The latest rumor I have heard coming from an usually reliable source, is that it will not happen. There is a HW limitation in the MSAâ s that they have not been able to "crack
Leslie Martin
Frequent Advisor

Re: MSA1000 Active/Active Controllers

Just got back from HP at Houston where they
previewed a MSA1500 running Active/Active Controllers.
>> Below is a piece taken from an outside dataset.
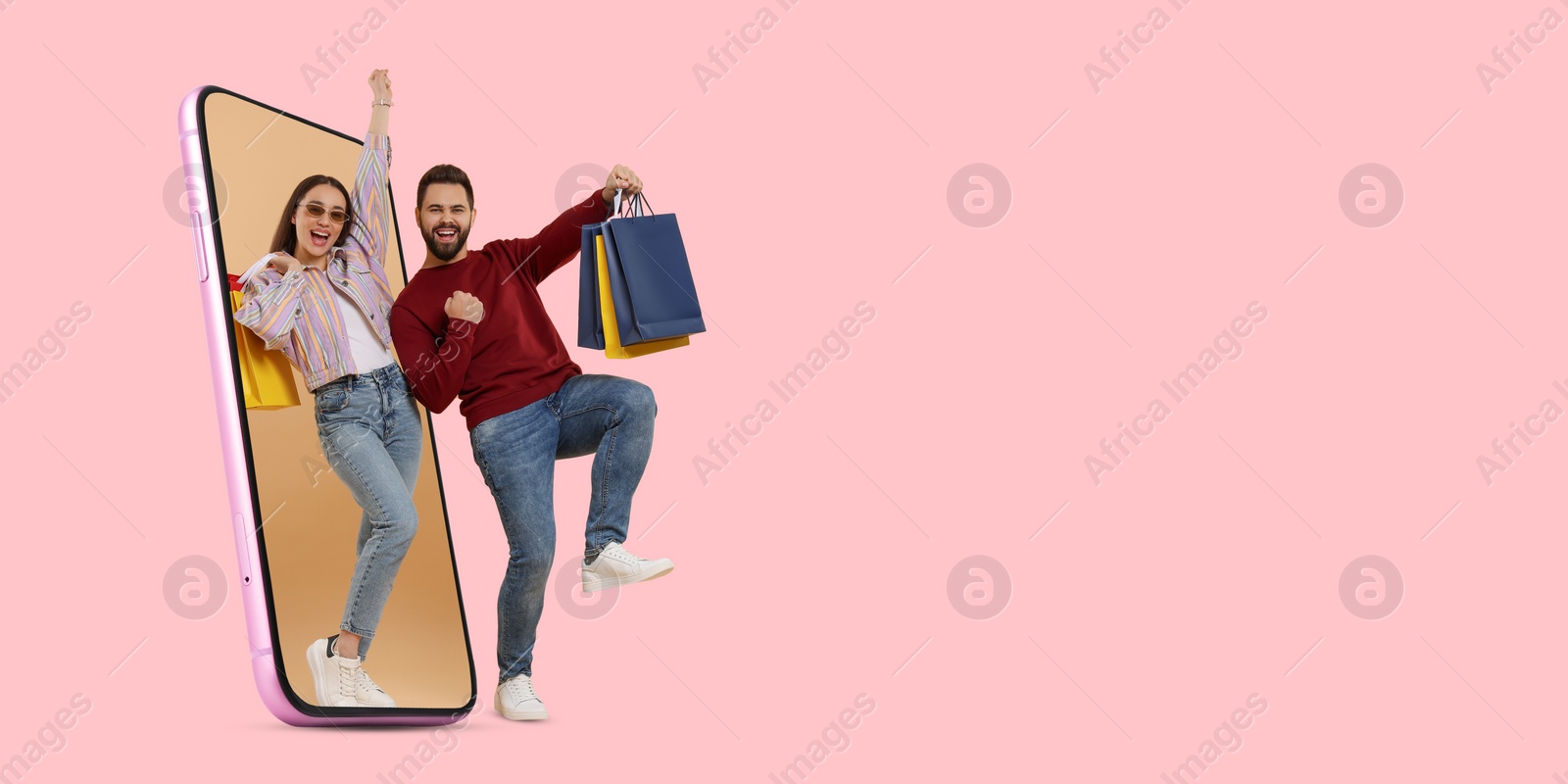 Image of Online shopping. Happy couple with paper bags walking out from smartphone on pink background, space for text. Banner design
Apparently it's just a Firmware upgrade that's required and it "should" be available on MSA1000 early 2005.
Douglas_22
New Member

Re: MSA1000 Active/Active Controllers

Has anyone heard if/when the MSA 1000 will support active/active mode?
Doug de Werd
HPE Pro

Re: MSA1000 Active/Active Controllers

last I heard was May or June 2005
I am an HPE employee
Accept or Kudo
Gianni_12
Advisor

Re: MSA1000 Active/Active Controllers

Excuse, sorry for my ignorance, but what are the benefits of having a active/active controllers?

Gianni
Uwe Zessin
Honored Contributor

Re: MSA1000 Active/Active Controllers

You can use the I/O capacity (CPU, Cache, Host port) of the second controller.

A host's failover does not force the failover of *all* other LUNs from *all* other hosts.
.
Douglas_22
New Member

Re: MSA1000 Active/Active Controllers

Gianni I am used to working with a different architecture at the controller, in a setup like the following:

Fiber Channel attached disk sleds with two connections each
One to controller A, one to controller B

And the controllers I've worked with have had *two* connections each, on Controller A, connection A.1 to switch fabric 1, and on same controller,connection A.2 to switch fabric B.
And on controller B, connection B.1 to fabric B, and connection B.2 to fabric A.

And so you would have multiple paths from the fabric to the storage devices.

It seems for now the MSA1000 supports Connections A.1 and B.1, and *only* one can be active at a time until the firmware is improved.

I'm trying to set my customer's expectations in the event that a server connected to both Fabric A and B loses one of its connections. With only one active path from the fabric to storage, it would seem there are a few Usage Cases (e.g. server HBA or fiber fails) that we need to know how to handle.

Thus the original poster's comment, "Seems a waste of controller to me." It kind of is if you're used to a more feature-filled (read more connections) storage processor. Not that it's a bad product - it isn't, you do get high performance, Some redundancy, higher availability, but just not the "highest" availability solution. And the price is about right, given those product features.